THE DATA: Begin

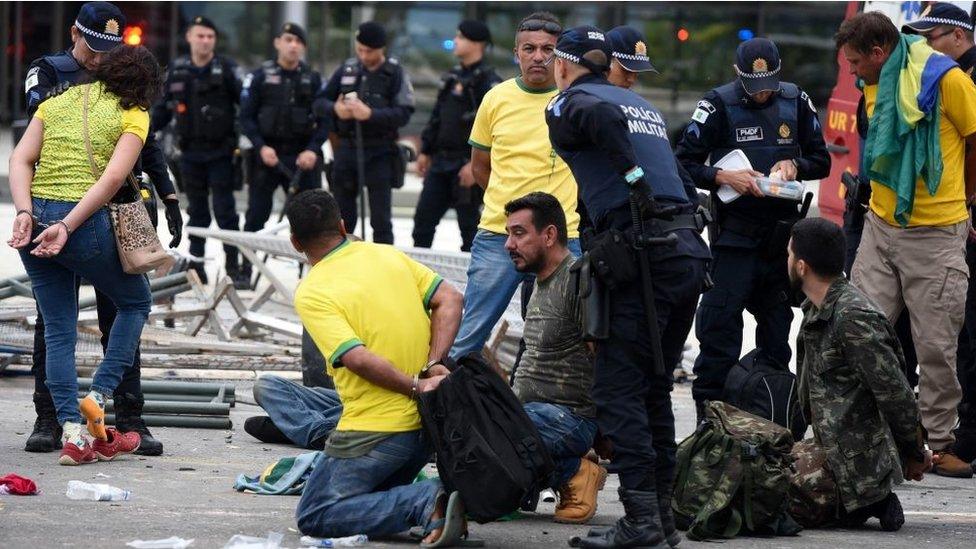 Security forces arrested hundreds of Bolsonaro supporters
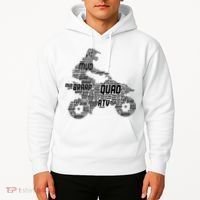 Quad Biker ATV 4 Wheeler Funny Quad Hoodie thumb 2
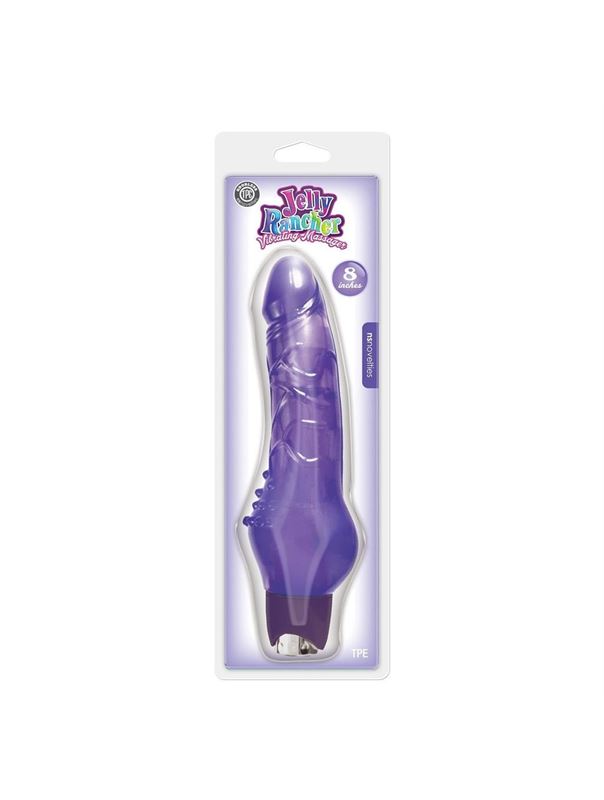 Фиолетовый вибратор Jelly Rancher 8 Vibrating Massager - 23,4 см.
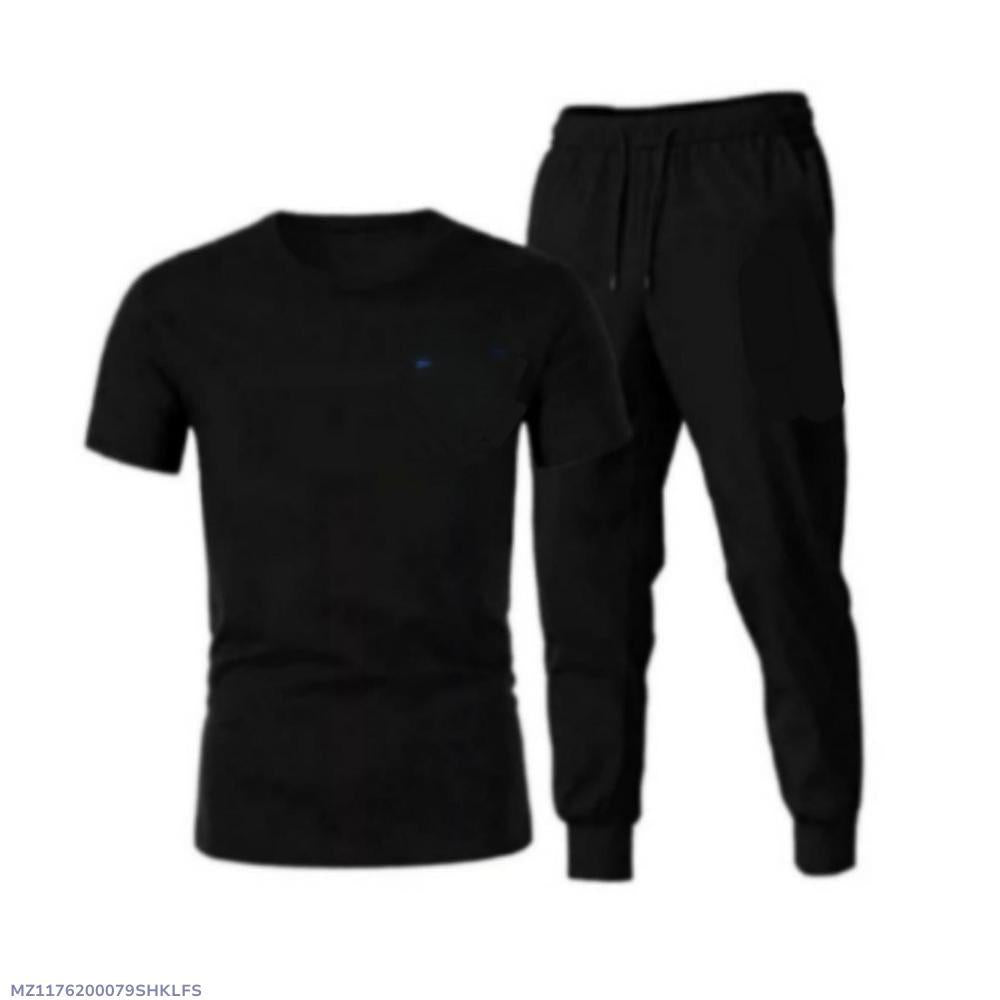 Black Cotton Track Suit for Men Medium to XL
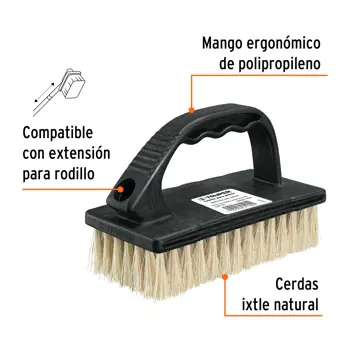 Truper Cepillo para pintor, para limpieza con cerdas de ixtle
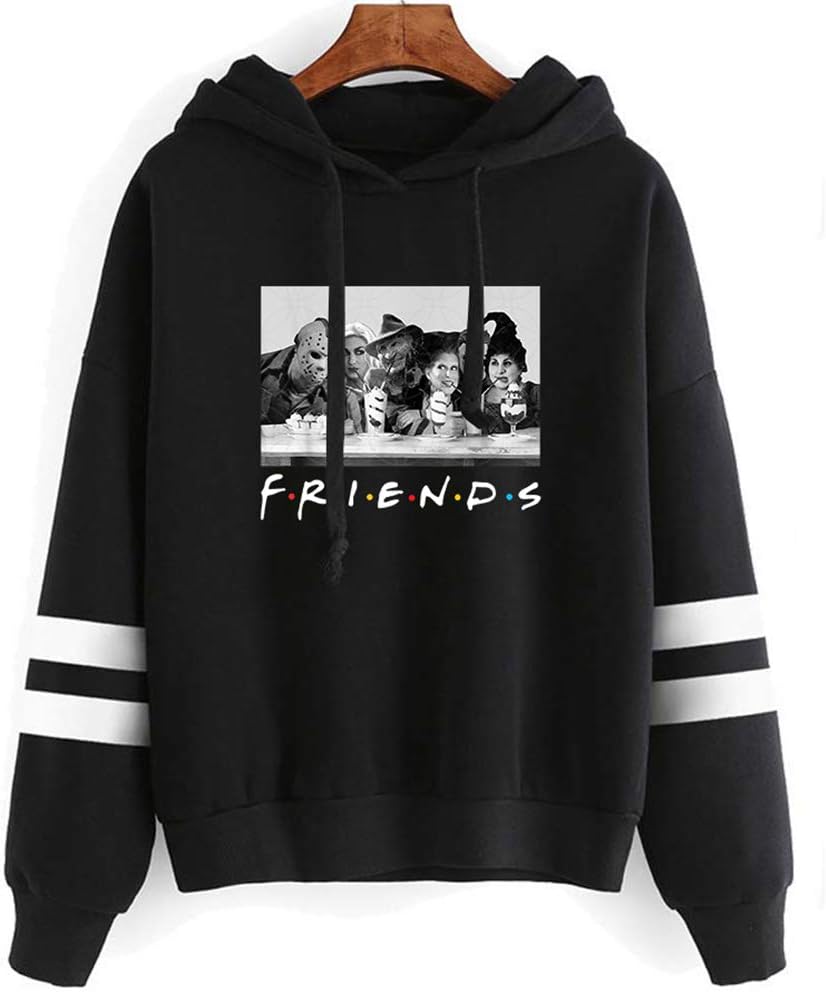 Novelty Friend Sweatshirt Hoodie Friend TV Show Merchandise Pullover Women Funny Graphic Hoodies Hooded Sweater Tops Clothes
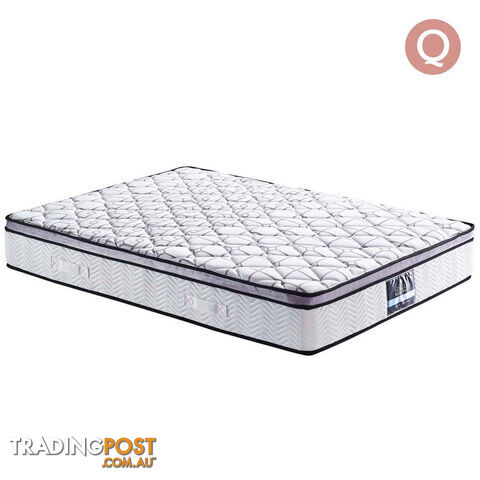 Cool Gel Memory Foam Euro Top Pocket Spring Mattress Queen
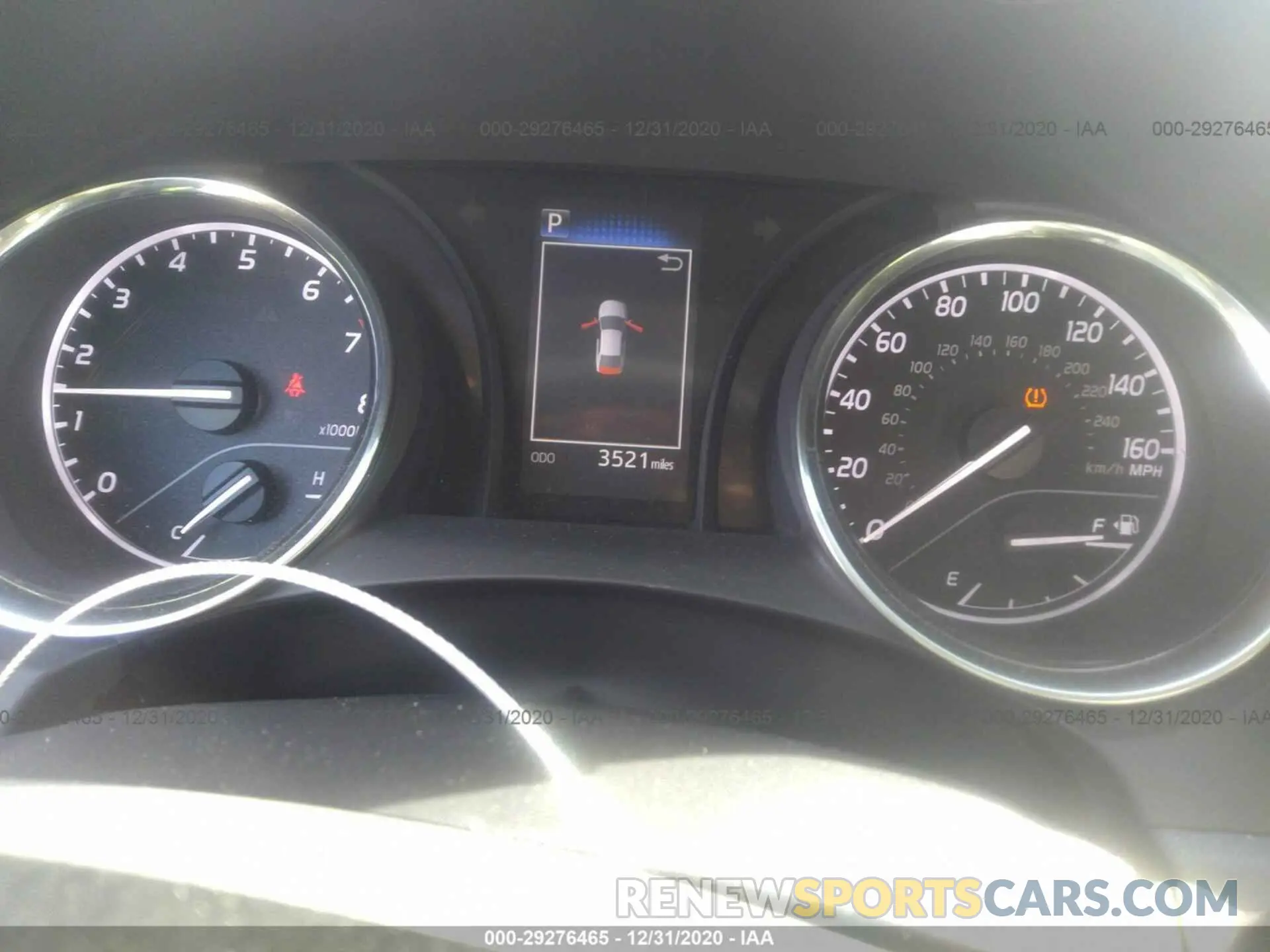 7 fotografías del automóvil dañado 4T1G11AK4LU502133 TOYOTA CAMRY 2020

THE DATA: End

- PROBLEM REQUIREMENTS
All of the lines above should be copied exactly, apart from the pictures.

- THE ANSWER
 Security forces arrested hundreds of Bolsonaro supporters
 Quad Biker ATV 4 Wheeler Funny Quad Hoodie thumb 2
 Фиолетовый вибратор Jelly Rancher 8 Vibrating Massager - 23,4 см.
 Black Cotton Track Suit for Men Medium to XL
 Truper Cepillo para pintor, para limpieza con cerdas de ixtle
 Novelty Friend Sweatshirt Hoodie Friend TV Show Merchandise Pullover Women Funny Graphic Hoodies Hooded Sweater Tops Clothes
 Cool Gel Memory Foam Euro Top Pocket Spring Mattress Queen
 7 fotografías del automóvil dañado 4T1G11AK4LU502133 TOYOTA CAMRY 2020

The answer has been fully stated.